Esa fue la frase cumbre que recuerdo –supongo que para que le oyera la modelo famosa y yo no me durmiese-, bajo una iluminación singular como la del Price pero dirigida al lucimiento colectivo y no al de dos tipos en calzones que se abrazaban sudorosos después de darse una tunda. Yo creo que sudar, lo que se dice sudar, nunca he visto sudar a nadie en el Flash.

Junto al Carballeira, el Flash-Flash el último de los restaurantes en pie de guerra de la ciudad pre-constitucionaly pre-olímpica a los que nunca he dejado de ir porque tienen cualidades imbatibles. De la luminosidad del Flash-flash ya no puedo añadir mucho pero sí de ese menú avanzado a los tiempos, de un horario de cocina hecho para periodistas de la era de la linotipia y otra cualidad muy barcelonesa: la discreción. Se charla sin aspavientos, contenidamente y, sin embargo, de forma animada. Dicen que ayuda la buena sonorización del techo pero también la forma de ser de la burguesía barcelonesa que se deja ver pero no tocar. Como en París, los comensales famosos pueden comer tranquilos porque incluso ahora, en tiempos de selfies, ni se lleva uno la tortilla a la boca con el cuchillo ni la clientela interrumpe a nadie.

Con el tiempo, estamos ante uno de los pocos restaurantes donde disfrutan abuelos, hijos y nietos, incluso si salen vegetarianos (soy fan de la tortilla de ajos tiernos y la de alcachofas), un coñazo de los tiempos aunque esto conviene omitirlo. Allá ellos que se pierden las hamburguesas de la casa y el cestito con las mostazas tan acertado (y algo traicionero porque uno no siempre atina a untarlas con el cubierto adecuado).

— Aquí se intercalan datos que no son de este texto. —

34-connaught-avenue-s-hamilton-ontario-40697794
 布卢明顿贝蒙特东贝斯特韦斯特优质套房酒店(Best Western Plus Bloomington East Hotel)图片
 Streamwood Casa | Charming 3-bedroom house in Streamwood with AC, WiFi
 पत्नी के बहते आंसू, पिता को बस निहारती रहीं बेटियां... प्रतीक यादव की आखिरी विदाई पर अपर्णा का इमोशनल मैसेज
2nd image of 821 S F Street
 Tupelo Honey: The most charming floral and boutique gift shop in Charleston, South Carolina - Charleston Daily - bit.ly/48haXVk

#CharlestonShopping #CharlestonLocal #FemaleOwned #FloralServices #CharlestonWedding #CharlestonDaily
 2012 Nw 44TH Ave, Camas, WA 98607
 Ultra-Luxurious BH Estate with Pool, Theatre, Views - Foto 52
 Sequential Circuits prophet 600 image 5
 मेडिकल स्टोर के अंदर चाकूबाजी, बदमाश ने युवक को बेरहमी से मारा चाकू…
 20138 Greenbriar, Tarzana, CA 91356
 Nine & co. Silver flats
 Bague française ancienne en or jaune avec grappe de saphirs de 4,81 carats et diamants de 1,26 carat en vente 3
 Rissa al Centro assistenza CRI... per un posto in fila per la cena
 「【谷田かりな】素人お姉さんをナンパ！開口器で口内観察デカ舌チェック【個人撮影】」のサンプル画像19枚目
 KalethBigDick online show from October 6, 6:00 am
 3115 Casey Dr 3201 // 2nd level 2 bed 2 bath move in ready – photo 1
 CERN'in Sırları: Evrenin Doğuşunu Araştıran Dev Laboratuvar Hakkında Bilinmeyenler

Del Flash-Flash, también el servicio. La mejor plantilla de Catalunya con diferencia, después de la del CE Europa del ascenso a Segunda en los años 60. Unos profesionales que se ganan el sueldo, lo que explica que sea un restaurante cómodo para los comensales solitarios, entre los que me cuento aunque yo diría -y digo- que tambien han pasado todas mis novias, parientes y amigos por esta casa de comidas, siempre contemporánea y que puede parecer snob a ojos del profano. Se trata de un pacto con el diablo entre sus creadores visionarios y la Barcelona más viajada. No terminemos con una cursilada, sino con dos: si el Flash-flash no existiese habría que inventarlo. O cambiarle el nombre a Barcelona. FIN.